In this paper, we develop a mathematical model that can be used to determine the optimal tolerance, rework policy, and profit sharing that should be given by the manufacturer or secondtier supplier to the firsttier suppliers. The main contribution of this research lies in the integration of profit sharing, learning, and facility investment in a quality investment decision model which will make the suppliers commit to the efforts of quality improvements and the manufacturer gains maximum benefits from those sharing and investments. A numerical example is given in this paper to show the application of the proposed model. This research will be beneficial to a decisionmaker in companies engaged with manufacturing in the global competition and respond to managerial issues related to production and business decisions.
Problem definition
A manufacturing company needs to improve their product quality by reducing the component variance of their manufactured products. To reduce the variance, an inspection and rework process of defective items need to be done. In this case, the manufacturer has two options: (1) using the same facility to rework the defective items, or (2) adding separate rework facility. In this paper, we assume the reworked product still has the probability to be defect, so it can be reworked multiple times until it meets the required specification. The first policy is chosen due to its simplicity, that is, reworking the defect units by using the existing facility. In this first policy, quality investment is made by considering learning investment to reduce the variance. This investment can be used for training, technological improvements, as well as other efforts related to the variance reduction. The second policy has two advantages. It may have higher capacity due to uninterrupted process in main facility of production process and the rework can be done better than the process in the main production line. However, the second policy needs a big additional investment to purchase and setup of new facility.

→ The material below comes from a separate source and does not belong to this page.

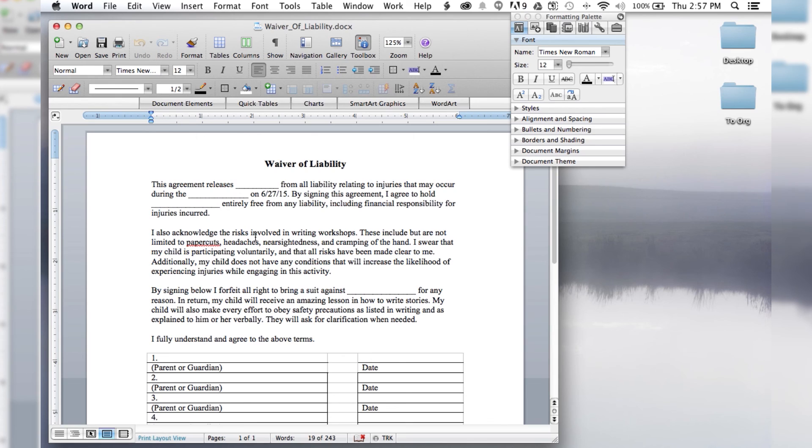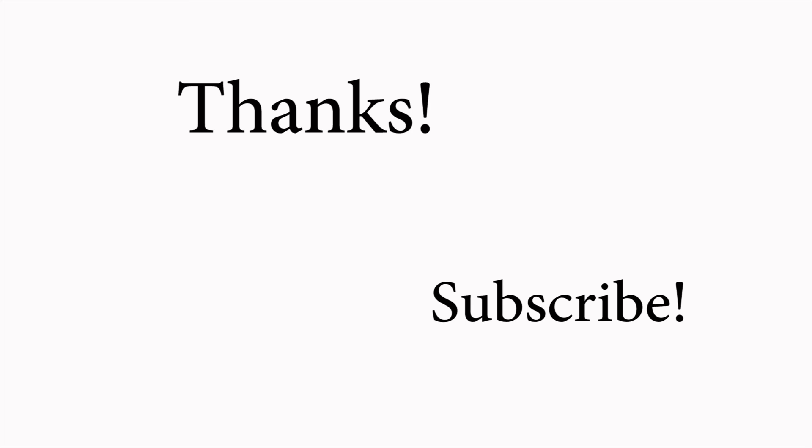And I'll see you next time on How to Liveable.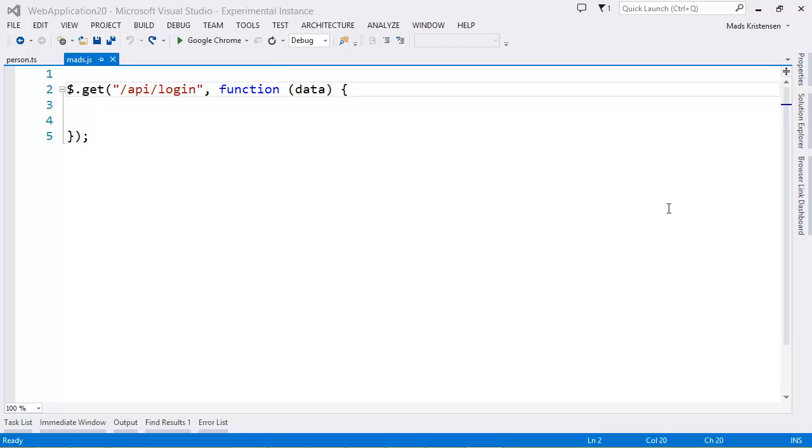Alright, I want to show you how we can get IntelliSense from our server-side models and into both JavaScript and TypeScript. So let me start you off with this scenario.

In addition to quality improvement in the manufacturer side above, quality improvement in the suppliers’ side also needs to be done. To meet market demand, the company also outsources the needed components to its suppliers. Profit sharing system is implemented for the suppliers to improve the quality of their products. With such system, suppliers will strive to improve their production quality while minimizing the cost of quality which will make the whole supply chain become more efficient. Suppliers in this system consist of several tiers. Figure 1 illustrates the supplier network in this system. Outsourcing activities within the model are manufacturing process outsourcing activities, where the raw materials of component are assumed to be supplied by the manufacturer. The firsttier suppliers provide some manufacturing processes to transform raw materials into semifinished components. Then, the supplier on the second tier continues the manufacturing process from the semifinished component to the finished component. The finished components are then shipped to the manufacturer. Each supplier has a different quality level. It will affect the cost of failure and appraisal cost of each supplier. Secondtier suppliers and manufacturers bear the cost of failure caused by the level of process quality at the firsttier suppliers. Each supplier, before delivering the component to the nexttier supplier, will perform component quality inspection so that appraisal cost will be incurred on each supplier. The manufacturer conducts inspection once the component arrives, so it will also need appraisal cost. The quality level of each supplier will affect the amount of profit sharing. If the quality level of the supplier process exceeds the quality target set by the manufacturer, then the supplier at the previous tier will receive a rebate in the form of profit sharing. The decision variable is quality level of component to minimize the total cost of quality.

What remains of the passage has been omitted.